*RECORDS SHOWN*
-=-=-

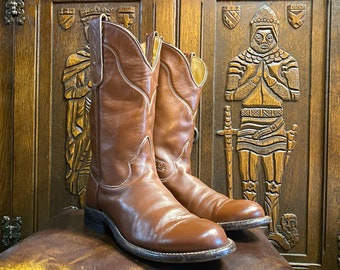 Tony Lama | George Strait • Cowboy Boots • Black Label • Western Riding Cowgirl Boots • 1980s • Roper Heel • Brown Leather • Womens 6B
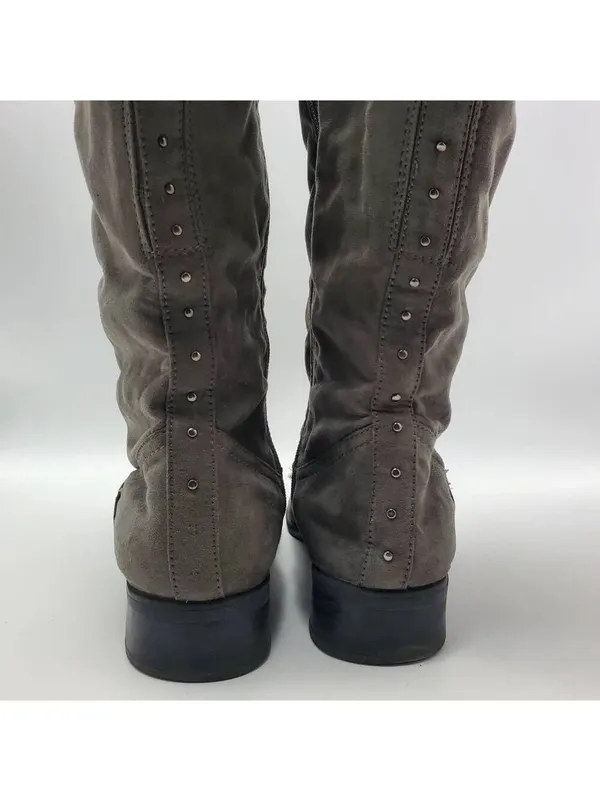 Lime Light Joaquin Faux Suede Studded Knee High Tall Gray Riding Boots Size 9 - Image 5
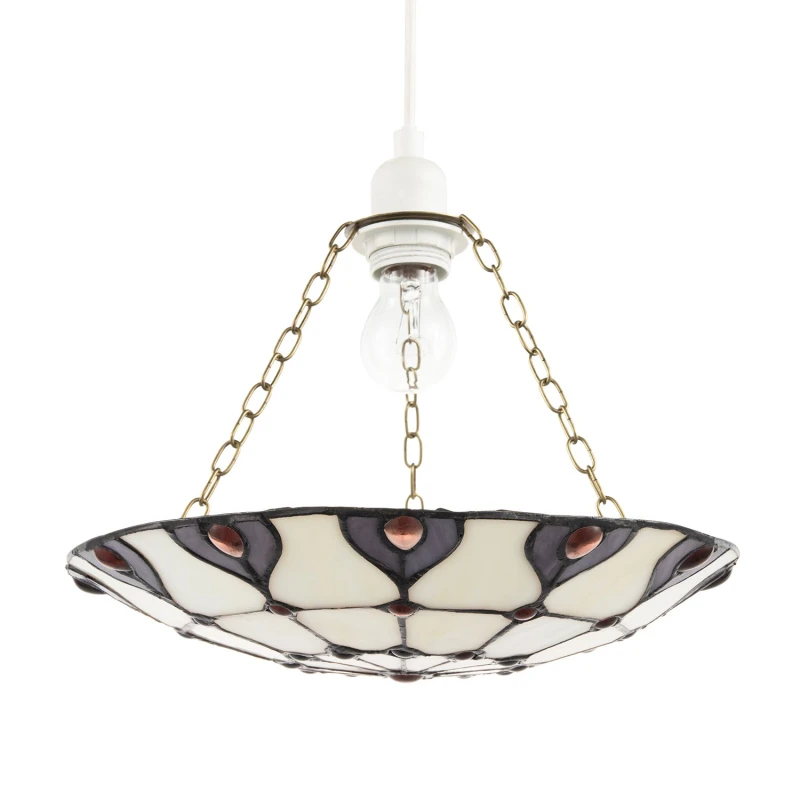 Image of Happy Homewares Purple & Amber Stained Glass Tiffany Pendant Shade with Red Beads Purple Unisex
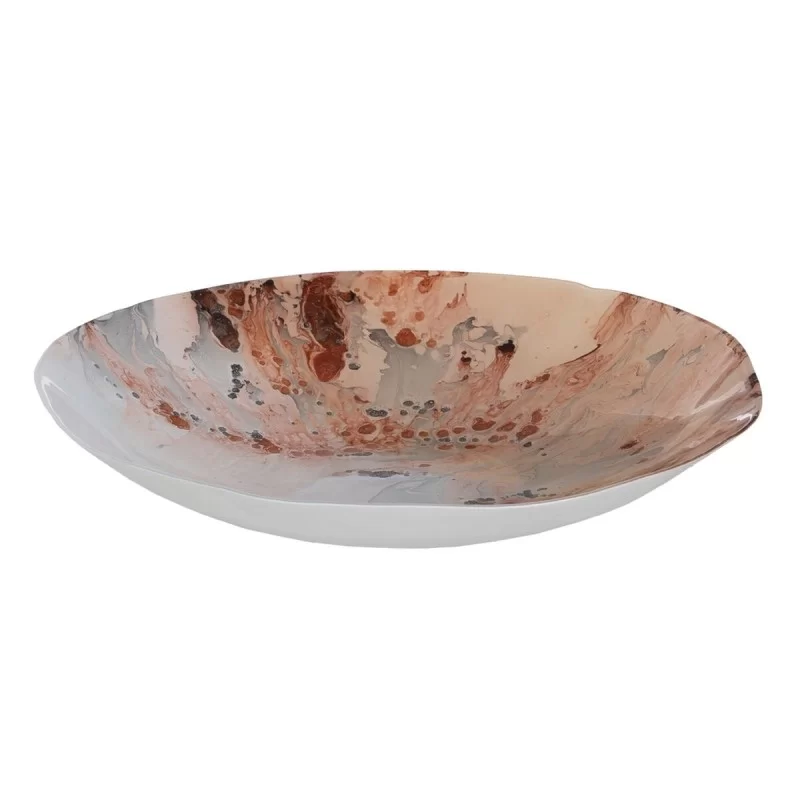 Centerpiece Salmon Crystal 39 x 39 x 6,5 cm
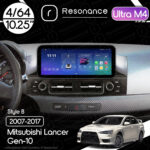 Магнітола Mitsubishi Lancer 10 (2007-2017) Resonance Ultra M4 (7862) 4/64, 10.25" QLED, 360 (Benz Style)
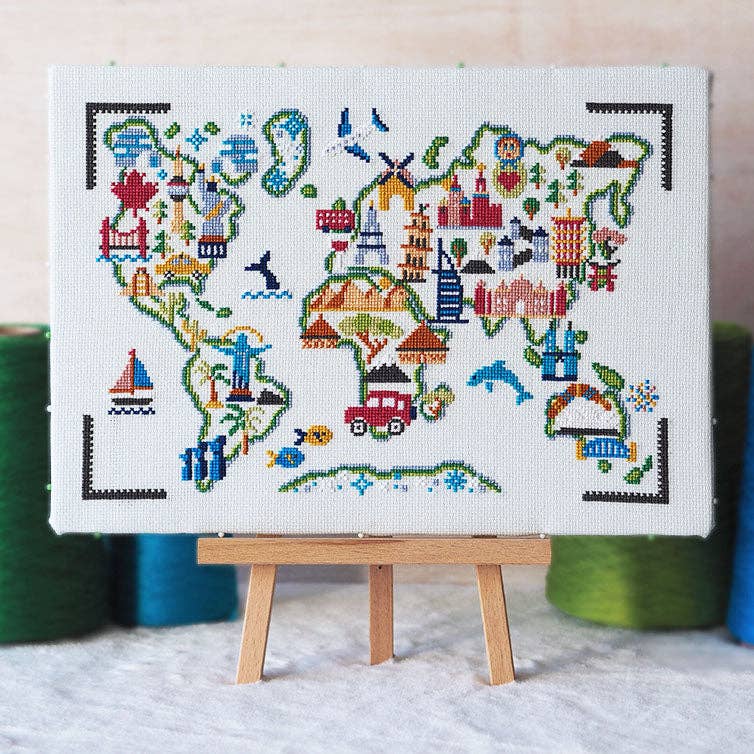 Adventure Awaits World Map | Cross Stitch Kit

-=-=-

*TASK REQUIREMENTS*
Nothing but the lines from the one containing "Image of Happy" through the end of the entries should be written out, exactly and without pictures.

*TASK OUTPUT*
 Image of Happy Homewares Purple & Amber Stained Glass Tiffany Pendant Shade with Red Beads Purple Unisex
 Centerpiece Salmon Crystal 39 x 39 x 6,5 cm
 Магнітола Mitsubishi Lancer 10 (2007-2017) Resonance Ultra M4 (7862) 4/64, 10.25" QLED, 360 (Benz Style)
 Adventure Awaits World Map | Cross Stitch Kit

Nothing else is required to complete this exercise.